= Dietrich Heinrich von Bülow =

German soldier and writer

Dietrich Heinrich Freiherr von Bülow (Note: ) (1757–1807) was a Prussian soldier and military writer, and brother of General Count Friedrich Wilhelm Bülow.

==Early career==
Von Bülow entered the Prussian army in 1773. Routine work proved distasteful to him, and he read with avidity the works of Jean Charles, Chevalier Folard and other theoretical writers on war, and of Rousseau.
After sixteen years service he left Prussia, and endeavoured without success to obtain a commission in the Austrian army. He then returned to Prussia, and for some time managed a theatrical company. The failure of this undertaking involved Bülow in heavy losses, and soon afterwards he went to America, where he seems to have been converted to, and to have preached, Swedenborgianism.

On his return to Europe he persuaded his brother to engage in a speculation for exporting glass to the United States, which proved a complete failure. After this for some years he made a precarious living in Berlin by literary work, but his debts accumulated, and it was under great disadvantages that he produced his Geist des Neueren Kriegssystems (Hamburg, 1799) and Der Feldzug 1801 (Berlin, 1801). His hopes of military employment were again disappointed, and his brother, the future field marshal, who had stood by him in all his troubles, finally left him.

==Writing career==
In 1797, Bülow published his two-volume Der Freistaat von Nordamerika in seinem neuesten Zustand. It offered an decidedly negative account of the United States. John Quincy Adams, then U.S. minister at Berlin, translated the work, describing it as a "libel upon America." Adams' transcription was subsequently published in Joseph Dennie's Philadelphia-based Port Folio in the early 1800s.

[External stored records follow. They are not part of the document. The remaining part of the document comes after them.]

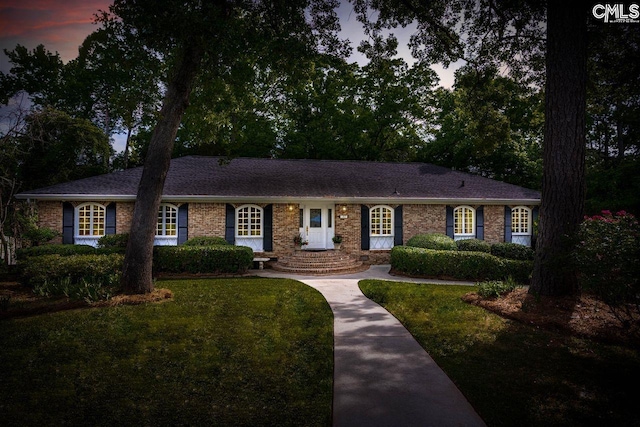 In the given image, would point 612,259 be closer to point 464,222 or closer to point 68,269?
point 464,222

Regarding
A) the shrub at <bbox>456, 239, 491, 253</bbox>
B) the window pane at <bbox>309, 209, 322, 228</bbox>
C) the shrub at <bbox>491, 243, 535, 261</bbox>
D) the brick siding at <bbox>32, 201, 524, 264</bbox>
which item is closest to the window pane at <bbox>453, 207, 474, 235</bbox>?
the brick siding at <bbox>32, 201, 524, 264</bbox>

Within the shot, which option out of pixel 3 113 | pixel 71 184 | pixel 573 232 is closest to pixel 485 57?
pixel 573 232

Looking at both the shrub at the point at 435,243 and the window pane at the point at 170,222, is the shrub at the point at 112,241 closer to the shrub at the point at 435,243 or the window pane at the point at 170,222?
the window pane at the point at 170,222

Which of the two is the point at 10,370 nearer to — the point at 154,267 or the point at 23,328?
the point at 23,328

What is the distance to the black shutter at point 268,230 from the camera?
15047 millimetres

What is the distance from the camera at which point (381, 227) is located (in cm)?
1606

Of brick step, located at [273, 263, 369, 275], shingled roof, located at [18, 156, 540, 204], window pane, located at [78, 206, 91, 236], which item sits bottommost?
brick step, located at [273, 263, 369, 275]

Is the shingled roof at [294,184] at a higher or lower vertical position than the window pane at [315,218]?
higher

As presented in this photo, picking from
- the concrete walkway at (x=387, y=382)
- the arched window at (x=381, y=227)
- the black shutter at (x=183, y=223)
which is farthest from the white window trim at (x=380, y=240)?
the concrete walkway at (x=387, y=382)

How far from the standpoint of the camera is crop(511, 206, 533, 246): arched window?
55.3 ft

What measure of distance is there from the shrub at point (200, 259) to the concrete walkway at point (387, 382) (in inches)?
266

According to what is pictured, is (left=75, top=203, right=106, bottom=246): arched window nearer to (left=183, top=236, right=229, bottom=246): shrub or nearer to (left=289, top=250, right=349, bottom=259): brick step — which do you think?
(left=183, top=236, right=229, bottom=246): shrub

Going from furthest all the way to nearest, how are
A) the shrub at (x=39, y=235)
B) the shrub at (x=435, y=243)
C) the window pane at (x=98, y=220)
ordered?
the window pane at (x=98, y=220) < the shrub at (x=435, y=243) < the shrub at (x=39, y=235)

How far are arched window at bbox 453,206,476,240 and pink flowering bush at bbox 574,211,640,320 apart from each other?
1008cm
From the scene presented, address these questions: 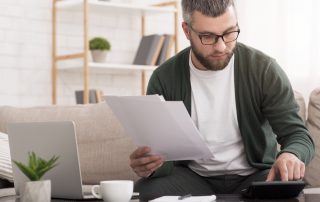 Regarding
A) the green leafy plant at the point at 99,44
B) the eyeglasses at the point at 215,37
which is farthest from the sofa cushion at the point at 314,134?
the green leafy plant at the point at 99,44

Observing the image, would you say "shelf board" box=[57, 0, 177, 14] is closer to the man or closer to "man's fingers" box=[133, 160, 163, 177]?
the man

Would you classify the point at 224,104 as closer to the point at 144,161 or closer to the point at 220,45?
the point at 220,45

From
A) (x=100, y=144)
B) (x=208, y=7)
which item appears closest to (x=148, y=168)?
(x=208, y=7)

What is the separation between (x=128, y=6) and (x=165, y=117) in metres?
2.88

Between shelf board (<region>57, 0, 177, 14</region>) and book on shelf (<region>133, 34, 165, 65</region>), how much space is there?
0.62 ft

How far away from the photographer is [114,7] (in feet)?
15.2

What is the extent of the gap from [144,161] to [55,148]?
39cm

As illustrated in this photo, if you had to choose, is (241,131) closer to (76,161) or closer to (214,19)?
(214,19)

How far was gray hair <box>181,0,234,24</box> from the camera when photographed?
227 cm

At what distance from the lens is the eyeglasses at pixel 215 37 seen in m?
2.24

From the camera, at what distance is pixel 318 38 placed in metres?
4.43

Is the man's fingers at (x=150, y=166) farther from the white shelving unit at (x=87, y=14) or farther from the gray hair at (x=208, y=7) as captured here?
the white shelving unit at (x=87, y=14)

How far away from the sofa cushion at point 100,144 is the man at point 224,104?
0.41 metres

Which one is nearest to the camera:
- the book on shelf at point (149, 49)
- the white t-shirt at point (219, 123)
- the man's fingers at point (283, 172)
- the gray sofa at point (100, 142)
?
the man's fingers at point (283, 172) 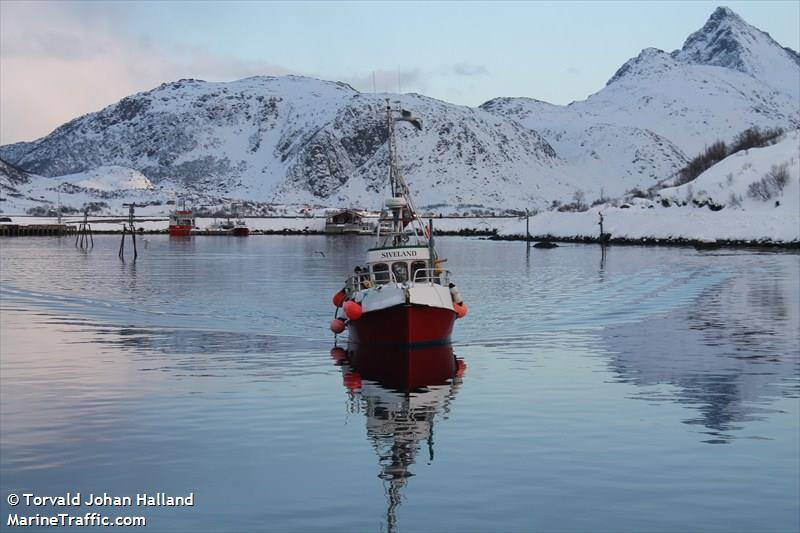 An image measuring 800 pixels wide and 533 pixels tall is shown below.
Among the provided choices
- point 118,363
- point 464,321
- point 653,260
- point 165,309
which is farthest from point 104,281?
point 653,260

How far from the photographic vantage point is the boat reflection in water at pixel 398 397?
23.8 m

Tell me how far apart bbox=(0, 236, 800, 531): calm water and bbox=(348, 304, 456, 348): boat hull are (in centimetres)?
191

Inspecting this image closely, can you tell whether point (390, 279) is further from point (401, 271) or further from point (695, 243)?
point (695, 243)

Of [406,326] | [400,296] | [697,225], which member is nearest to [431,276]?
[400,296]

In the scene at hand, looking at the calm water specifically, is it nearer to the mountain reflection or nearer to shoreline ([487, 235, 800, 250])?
the mountain reflection

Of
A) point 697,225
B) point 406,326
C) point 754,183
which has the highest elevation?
point 754,183

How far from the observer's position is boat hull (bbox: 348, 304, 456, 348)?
41.3m

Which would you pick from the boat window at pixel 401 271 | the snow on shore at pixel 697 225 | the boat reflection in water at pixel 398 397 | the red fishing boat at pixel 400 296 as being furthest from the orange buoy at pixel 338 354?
the snow on shore at pixel 697 225

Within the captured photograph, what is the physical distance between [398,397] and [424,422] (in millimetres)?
4604

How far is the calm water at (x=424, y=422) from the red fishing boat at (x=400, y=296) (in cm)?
211

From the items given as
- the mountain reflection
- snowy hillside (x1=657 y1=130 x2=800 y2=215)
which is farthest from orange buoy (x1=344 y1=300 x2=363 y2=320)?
snowy hillside (x1=657 y1=130 x2=800 y2=215)

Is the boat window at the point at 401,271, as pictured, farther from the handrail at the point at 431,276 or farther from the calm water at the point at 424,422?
the calm water at the point at 424,422

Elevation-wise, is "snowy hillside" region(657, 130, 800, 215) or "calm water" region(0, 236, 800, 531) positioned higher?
"snowy hillside" region(657, 130, 800, 215)

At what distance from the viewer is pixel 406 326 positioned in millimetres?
41219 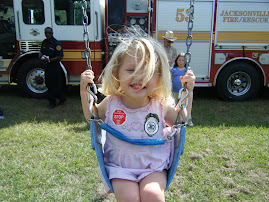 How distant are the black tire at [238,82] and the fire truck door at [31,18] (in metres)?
4.34

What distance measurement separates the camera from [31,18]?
5.86 metres

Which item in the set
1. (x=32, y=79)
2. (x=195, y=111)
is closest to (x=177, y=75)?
(x=195, y=111)

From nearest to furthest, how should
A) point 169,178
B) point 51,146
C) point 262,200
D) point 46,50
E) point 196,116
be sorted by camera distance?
1. point 169,178
2. point 262,200
3. point 51,146
4. point 196,116
5. point 46,50

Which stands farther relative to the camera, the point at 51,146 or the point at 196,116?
the point at 196,116

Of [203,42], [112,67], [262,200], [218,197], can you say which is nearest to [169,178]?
[112,67]

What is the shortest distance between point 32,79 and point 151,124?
5.14 metres

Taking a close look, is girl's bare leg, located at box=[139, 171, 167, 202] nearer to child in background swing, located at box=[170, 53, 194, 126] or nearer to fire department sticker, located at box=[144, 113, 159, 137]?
fire department sticker, located at box=[144, 113, 159, 137]

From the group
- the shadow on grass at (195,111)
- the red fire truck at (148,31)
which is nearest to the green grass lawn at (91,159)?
the shadow on grass at (195,111)

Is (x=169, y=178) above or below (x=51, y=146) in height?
above

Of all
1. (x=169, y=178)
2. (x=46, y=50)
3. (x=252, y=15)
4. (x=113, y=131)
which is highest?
(x=252, y=15)

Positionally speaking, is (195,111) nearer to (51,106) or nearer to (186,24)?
(186,24)

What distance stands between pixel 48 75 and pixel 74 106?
0.84 metres

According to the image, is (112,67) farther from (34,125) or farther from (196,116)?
(196,116)

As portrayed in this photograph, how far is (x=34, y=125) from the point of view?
4.27 meters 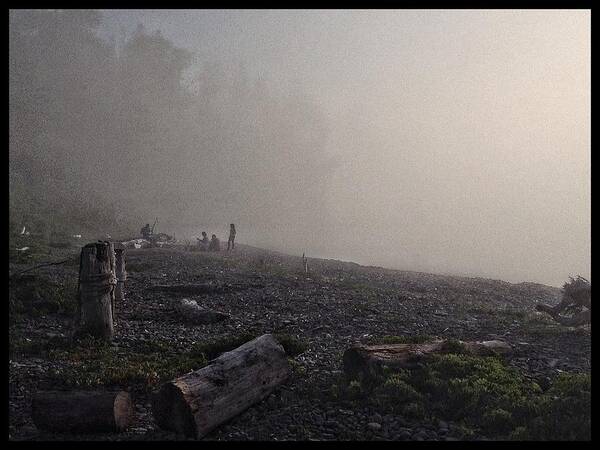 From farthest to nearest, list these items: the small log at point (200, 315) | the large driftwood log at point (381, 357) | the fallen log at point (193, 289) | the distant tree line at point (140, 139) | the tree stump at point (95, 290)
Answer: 1. the distant tree line at point (140, 139)
2. the fallen log at point (193, 289)
3. the small log at point (200, 315)
4. the tree stump at point (95, 290)
5. the large driftwood log at point (381, 357)

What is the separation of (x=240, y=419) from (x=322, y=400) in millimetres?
1965

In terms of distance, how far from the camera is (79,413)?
7898 mm

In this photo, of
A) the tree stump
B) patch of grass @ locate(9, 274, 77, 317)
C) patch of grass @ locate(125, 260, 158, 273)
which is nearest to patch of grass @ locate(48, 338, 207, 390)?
the tree stump

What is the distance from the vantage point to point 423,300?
23.1 m

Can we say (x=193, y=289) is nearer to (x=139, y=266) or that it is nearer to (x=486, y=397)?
(x=139, y=266)

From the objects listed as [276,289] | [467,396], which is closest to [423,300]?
[276,289]

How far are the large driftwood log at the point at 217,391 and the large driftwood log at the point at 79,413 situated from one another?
74cm

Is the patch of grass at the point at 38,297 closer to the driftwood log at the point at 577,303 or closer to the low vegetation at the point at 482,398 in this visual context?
the low vegetation at the point at 482,398

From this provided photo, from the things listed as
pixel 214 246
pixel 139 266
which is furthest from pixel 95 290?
pixel 214 246

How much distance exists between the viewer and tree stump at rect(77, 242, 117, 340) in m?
12.6

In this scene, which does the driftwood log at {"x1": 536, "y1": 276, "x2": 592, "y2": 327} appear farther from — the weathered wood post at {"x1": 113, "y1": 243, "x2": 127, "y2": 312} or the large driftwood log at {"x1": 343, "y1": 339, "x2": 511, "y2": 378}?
the weathered wood post at {"x1": 113, "y1": 243, "x2": 127, "y2": 312}

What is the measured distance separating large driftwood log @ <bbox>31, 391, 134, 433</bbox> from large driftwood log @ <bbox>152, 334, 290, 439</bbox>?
2.43ft

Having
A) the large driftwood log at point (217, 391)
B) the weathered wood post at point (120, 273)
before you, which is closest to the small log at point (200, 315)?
the weathered wood post at point (120, 273)

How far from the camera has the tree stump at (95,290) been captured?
1265cm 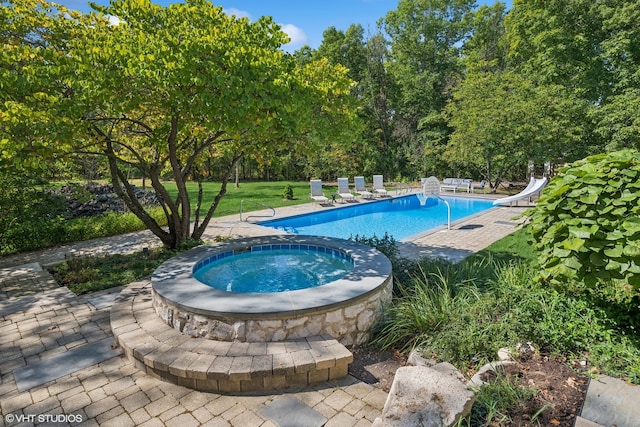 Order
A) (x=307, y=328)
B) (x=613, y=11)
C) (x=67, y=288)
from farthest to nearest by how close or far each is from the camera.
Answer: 1. (x=613, y=11)
2. (x=67, y=288)
3. (x=307, y=328)

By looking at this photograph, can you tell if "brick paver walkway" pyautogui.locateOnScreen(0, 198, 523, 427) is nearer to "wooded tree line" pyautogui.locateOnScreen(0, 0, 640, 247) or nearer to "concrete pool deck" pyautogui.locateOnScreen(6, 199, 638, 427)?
"concrete pool deck" pyautogui.locateOnScreen(6, 199, 638, 427)

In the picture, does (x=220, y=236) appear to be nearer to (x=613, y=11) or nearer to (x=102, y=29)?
(x=102, y=29)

After wandering in France and the smaller German states, Bulow reappeared at Berlin in 1804, where he wrote a revised edition of his Geist des Neueren Kriegssystems (Hamburg, 1805), Lehrstze des Neueren Kriegs (Berlin, 1805), Geschichte des Prinzen Heinrich von Preussen (Berlin, 1805), Neue Taktik der Neuern wie sie sein sollte (Leipzig, 1805), and Der Feldzug 1805 (Leipzig, 1806). He also edited, with G. H. von Behrenhorst (1733–1814) and others, Annalen des Krieges (Berlin, 1806). These brilliant but unorthodox works, distinguished by an open contempt of the Prussian system, cosmopolitanism hardly to be distinguished from high treason, and the mordant sarcasm of a disappointed man, brought upon Bülow the enmity of the official classes and of the government. He was arrested as insane, but medical examination proved him sane and he was then lodged as a prisoner in Kolberg, where he was harshly treated, though August von Gneisenau obtained some mitigation of his condition. Thence he passed into Russian hands and died in prison at Riga in 1807, probably as a result of ill-treatment.

==Assessment==
According to the Encyclopædia Britannica Eleventh Edition:
In Bülow's writings there is a distinct contrast evident between the spirit of his strategical and that of his tactical ideas. As a strategist (he claimed to be the first of strategists) he reduces to mathematical rules the practice of the great generals of the 18th century, ignoring friction, and maneuvering his armies in vacuo. At the same time he professes that his system provides working rules for the armies of his own day, which in point of fact were armed nations, infinitely more affected by friction than the small dynastic and professional armies of the preceding age. Bülow may therefore be considered as anything but a reformer in the domain of strategy. With more justice he has been styled the father of modern tactics. He was the first to recognize that the conditions of swift and decisive war brought about by the French Revolution involved wholly new tactics, and much of his teaching had a profound influence on European warfare of the 19th century.

His early training had shown him merely the pedantic minutiae of Frederick's methods, and, in the absence of any troops capable of illustrating the real linear tactics, he became an enthusiastic supporter of the methods, which (more of necessity than from judgment) the French revolutionary generals had adopted, of fighting in small columns covered by skirmishers. Battles, he maintained, were won by skirmishers. We must organize disorder, he said; indeed, every argument of writers of the modern extended order school is to be found mutatis mutandis in Bülow, whose system acquired great prominence in view of the mechanical improvements in armament. But his tactics, like his strategy, were vitiated by the absence of friction, and their dependence on the realization of an unattainable standard of bravery.